In 1380 it would appear that Geoffrey Chaucer was accused of rape: on 1st May 1380 there are documents releasing Chaucer from the charge of rape by Cecily Champain. Ackroyd writes,
The medieval courts had proceeded no further with Chaucer's prosecution and, before we commit Chaucer to the sentence of posterity for rape, it might be as well to examine the evidence. Apologists for the poet have suggested that 'raptus', in the official document, signalled not rape as such but some kind of forcible kidnapping which was not uncommon in the period. It would have been usual, in that instance, for a phrase 'abduxit' or 'asportavit' to be included with 'rapuit'; no such addition was made. On the other hand if 'raptus' meant in the modern sense rape - that is, forcible copulation and coerced sexual intercourse - then it was usual for words such as 'violavit' or 'defloravit' to be employed. There was also a phrase of the same import, 'afforciavit contra voluntatem'. None of these words or phrases is included in the document. What, then, is the meaning of 'raptus'?
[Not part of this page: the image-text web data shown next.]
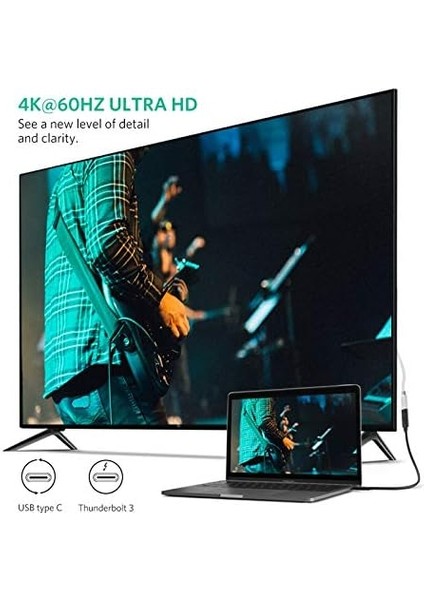 MT01925 Thunderbolt 3 Type-C Erkek To Type-C Dişi Uzatma Kablosu 50 cm modelleri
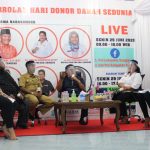 Peringati Hari Donor Darah Sedunia, PMI Sanggau Gelar Talkshow Bersama Bupati Sanggau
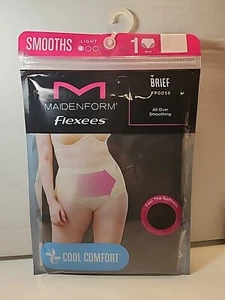 Maidenform  Brief Flexees Cool Comfort Smooths Black Large - Picture 1 of 2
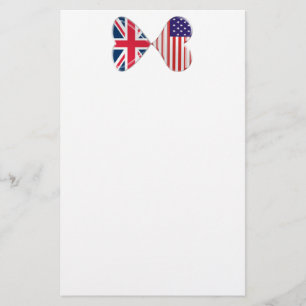 Papeterie Baisers des Etats-Unis et de l'art BRITANNIQUE de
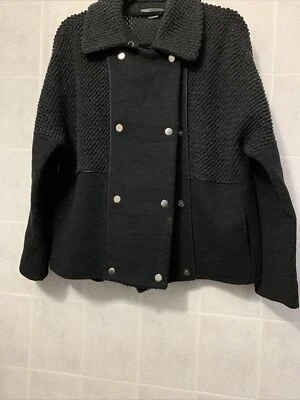 $695 Vince Carbon Boucle Wool Blend Knit Jacket Size M - Image 1 of 4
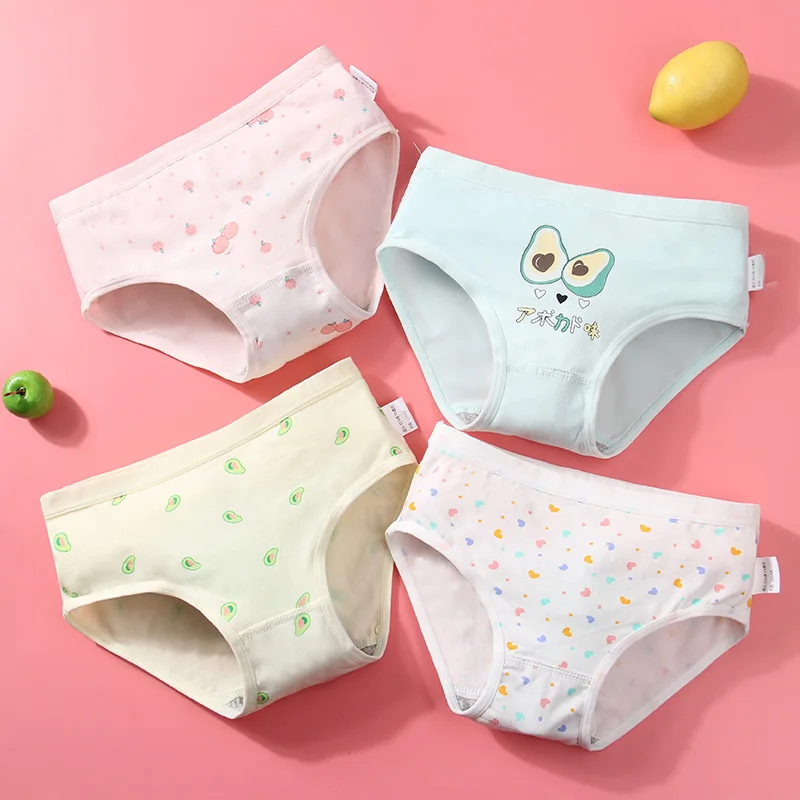 4pcs/lot Kids Girls Cotton Printed Panties Underwear Briefs Child Baby  Underpants Boxer For New Year - Panties - AliExpress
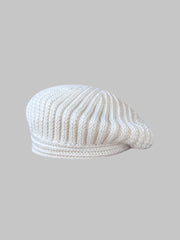 knitted wool beret for women, view 5 - MRSLM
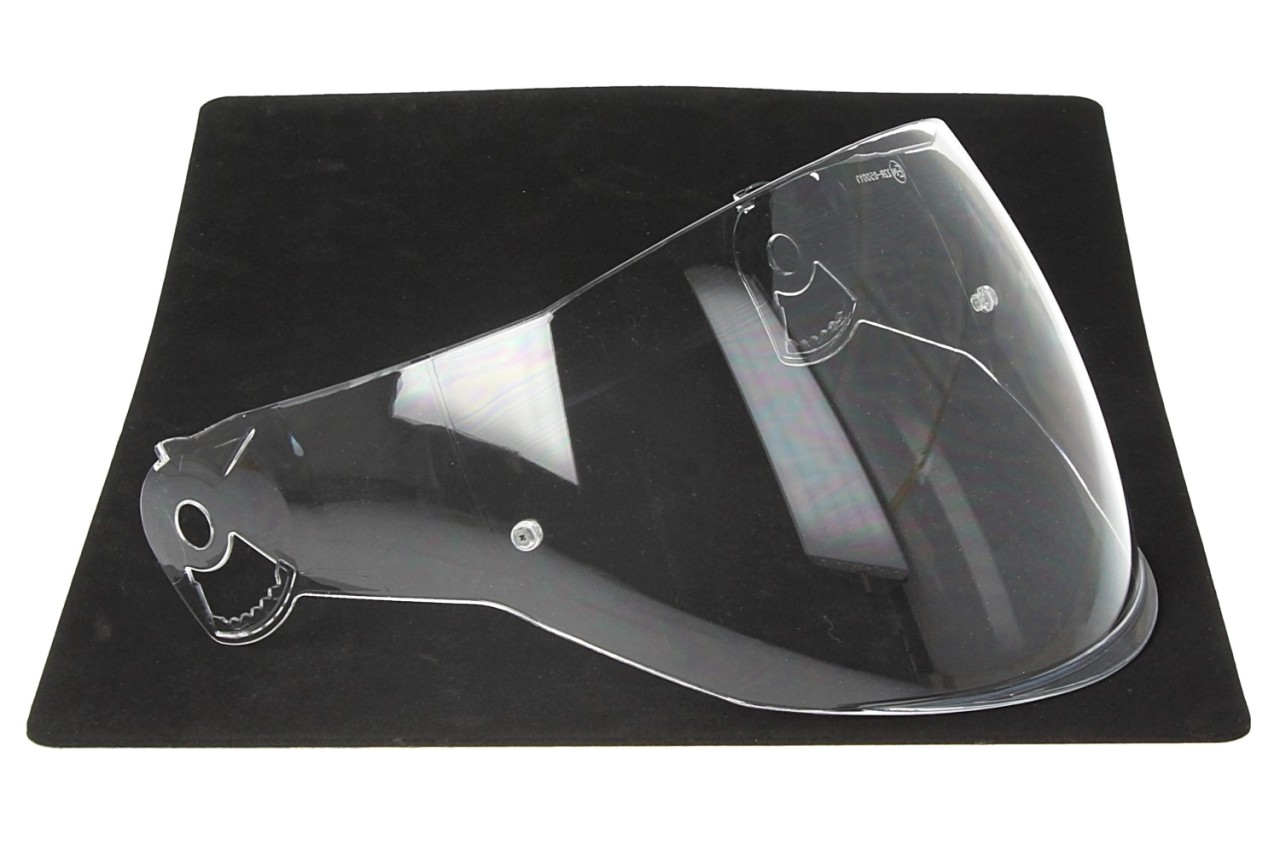 Visière Helmo Milano pour Oscuro, transparente, anti-rayures, anti-buée
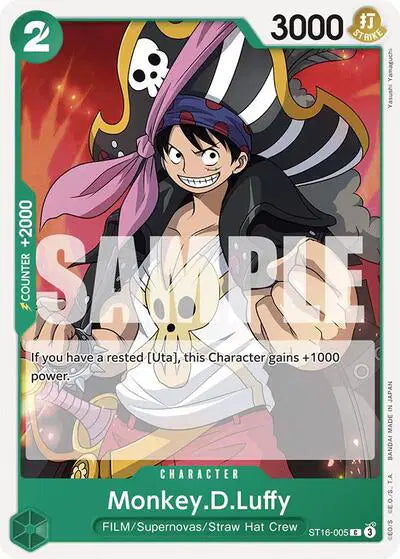 Monkey.D.Luffy (ST16-005) - ST16-005 - Starter Deck 16: GREEN Uta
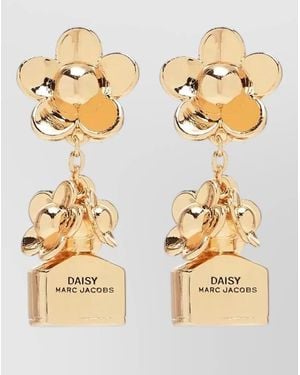 Marc Jacobs Daisy Flower Drop Earrings Subtle Bloom - Metallic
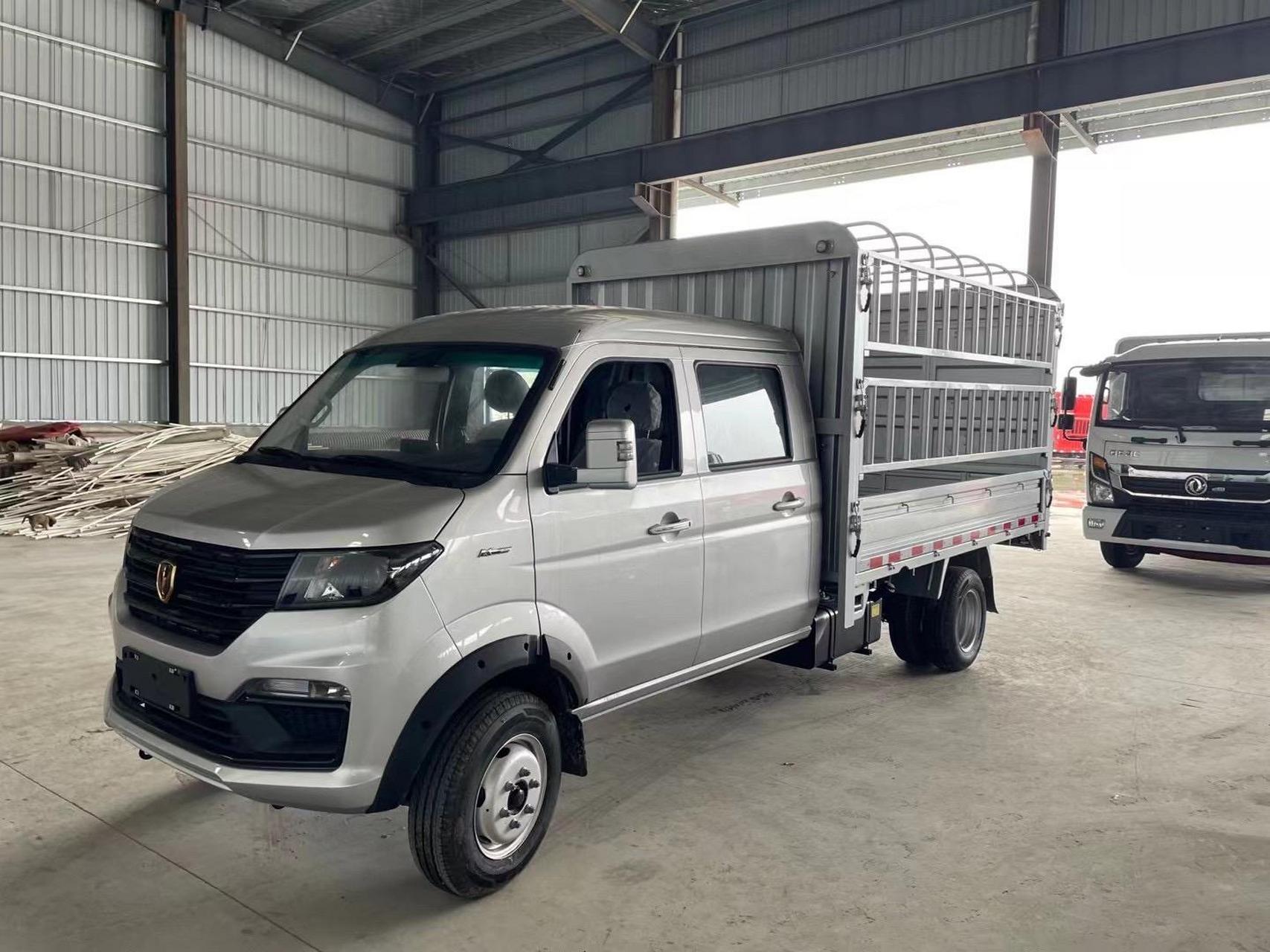 金杯s62双排仓栏小货车,可拉3吨.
On this subject, having looked into it, there are a vast amount of theories. It's a rather disturbing element of Chaucer's biography; for now I'm concentrating on the fact that the charges were dropped.
|Chaucer's tomb in Westminster Abbey.|
And so the biography continues, with rich and vivid descriptions of London life and the influence the city had on his work. Ackroyd writes of his poetry and translations (with particular attention to The Canterbury Tales), his inspirations, and some of his contemporaries, the 'Ricardian Poets' to borrow John Burrow's term: William Langland (Piers Plowman, 1370-90), the 'Pearl Poet' (who appears to be the author of Sir Gawain and the Green Knight, mid to late 14th Century) and John Gower (Confessio Amantis, 1386-90). It is a very good introduction to Geoffrey Chaucer, and I think it's easy to criticise it for not being more in depth: there are suggestions, for example, that Chaucer was murdered by enemies of Richard II. I would like more information on the Cecily Champain case (preferably exonerating him!), and a deeper reading of his works, particularly in the 'London context'. I'm very keen on reading more about Chaucer's particularly eventful life and these are questions I would not have even known to ask were it not for this biography. Surely this is the mark of a very successful introduction?
And so my Chaucer readings continue. I'm looking forward to reading Peter Ackroyd's retelling of The Canterbury Tales next year, and I'm glad Fanda's Literary Movements Challenge is beginning in January with the Medieval period. I hope to read a lot of Chaucer, and also the other writers of the 14th Century that I have on my Classics Club list - Langland and the 'Pearl Poet'. For now, though - I'm about a quarter of the way through The Romaunt of the Rose. Very much enjoying it so far!